The revolt begins on January 8 at the Andry plantation.
The slaves strike and badly wound Manuel Andry, then kill his son Gilbert.
The rebellion gains momentum quickly.
The fifteen or so slaves at Andry's plantation, about thirty miles (fifty kilometers) upriver from New Orleans, join another eight slaves from the next-door plantation of the widows of Jacques and Georges Deslondes.
This is the home plantation of Charles Deslondes, a field laborer later described by one of the captured slaves as the "principal chief of the brigands."
Small groups of slaves join from every plantation the rebels passed.

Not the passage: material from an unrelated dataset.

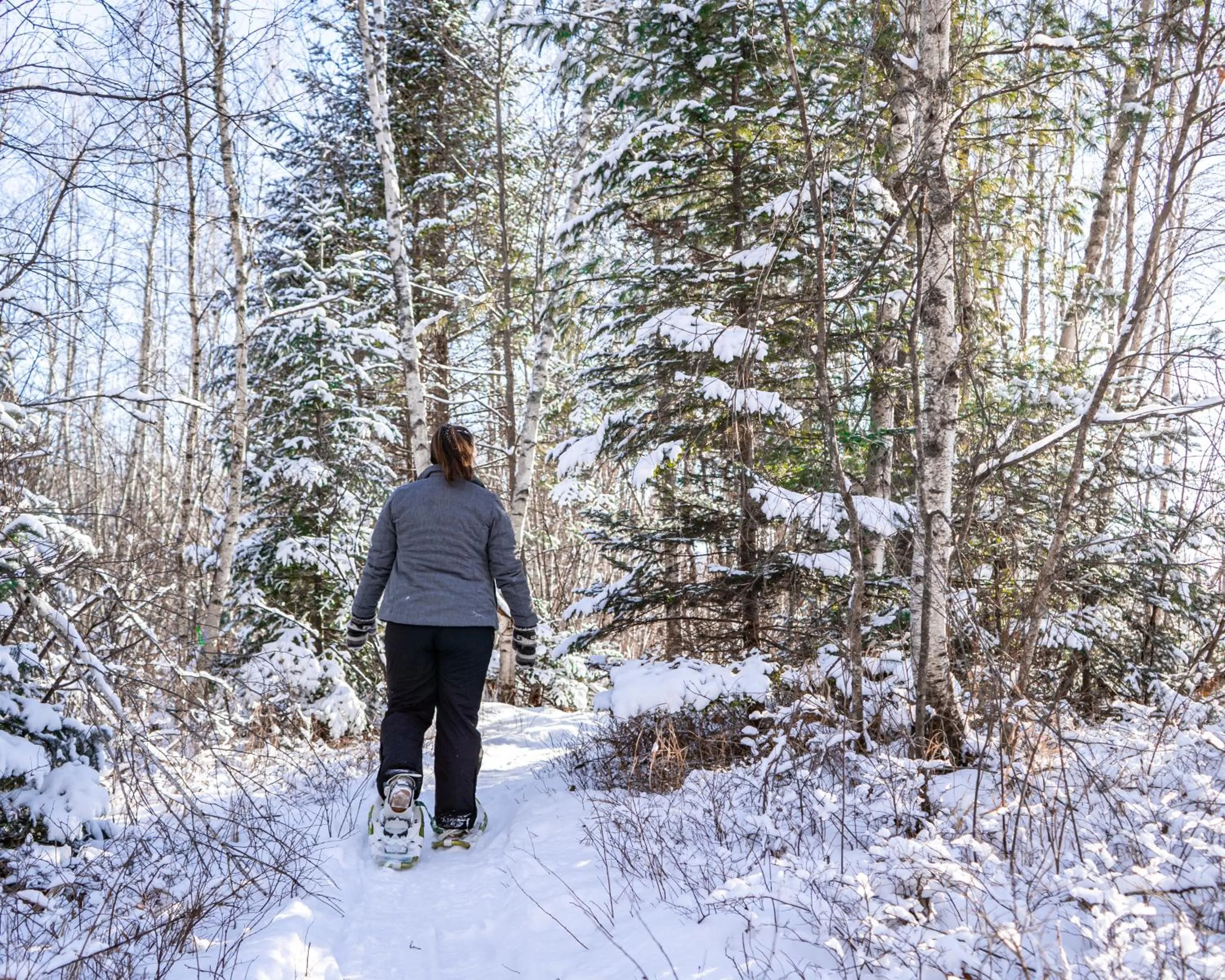 Hiking in Franconia Inn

Witnesses remark on their organized march.
Although they carry mostly pikes, hoes, axes, and few firearms, they march to drums while some carry flags.
From ten to twenty-five percent of any given plantation's slave population joins with them.

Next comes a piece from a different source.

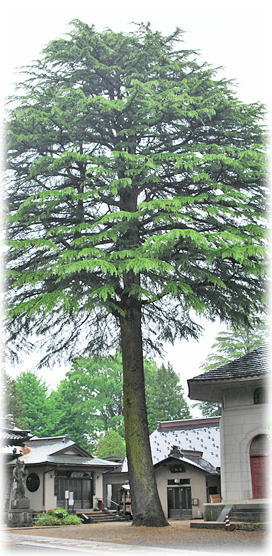 �摜�F�厜���̃q�}�����X�M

At the plantation of James Brown, Kook, one of the most active participants and key figures in the story of the uprising, joins the insurrection.

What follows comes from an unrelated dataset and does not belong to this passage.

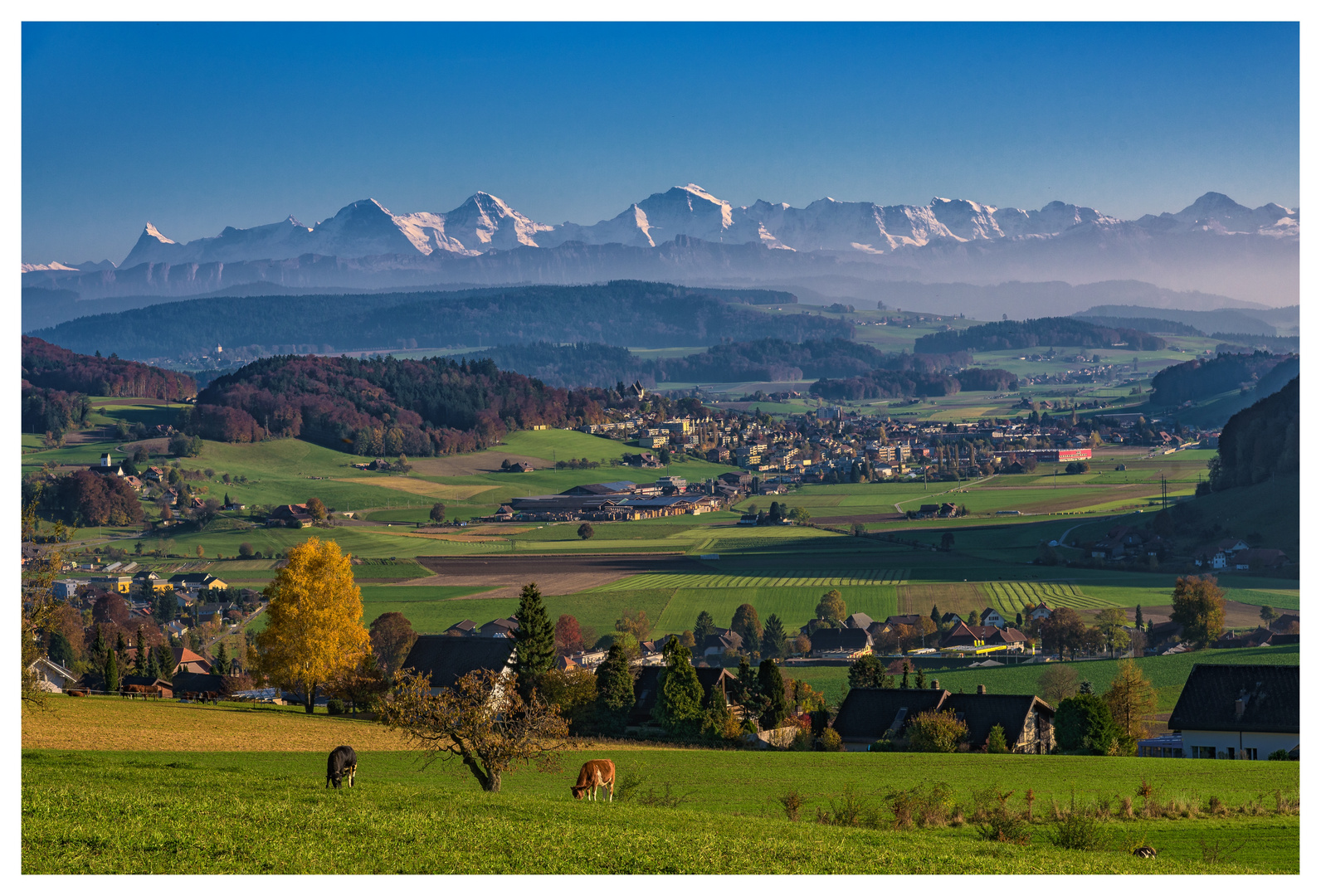 Alpenblick vom Ferenberg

At the next plantation down, Kook attacks and kills François Trépagnier with an axe.
He is the second and last planter killed in the rebellion.
After the band of slaves passes the LaBranche plantation, they stop at the home of the local doctor.
Finding the doctor gone, Kook sets his house on fire.
Some planters will testify at the trials in parish courts that they had been warned by their slaves of the uprising.
Others regularly stay in New Orleans, where many have town houses, and trust their plantations to overseers to run.
Planters quickly cross the Mississippi River to escape the insurrection and to raise a militia.
As the slave party moves downriver, they pass larger plantations, from which many slaves join them.
Numerous slaves join the insurrection from the Meuillion plantation, the largest and wealthiest plantation on the German Coast.
The rebels lay waste to Meuillion's house.
They try to set it on fire, but a slave named Bazile fights the fire and saves the house.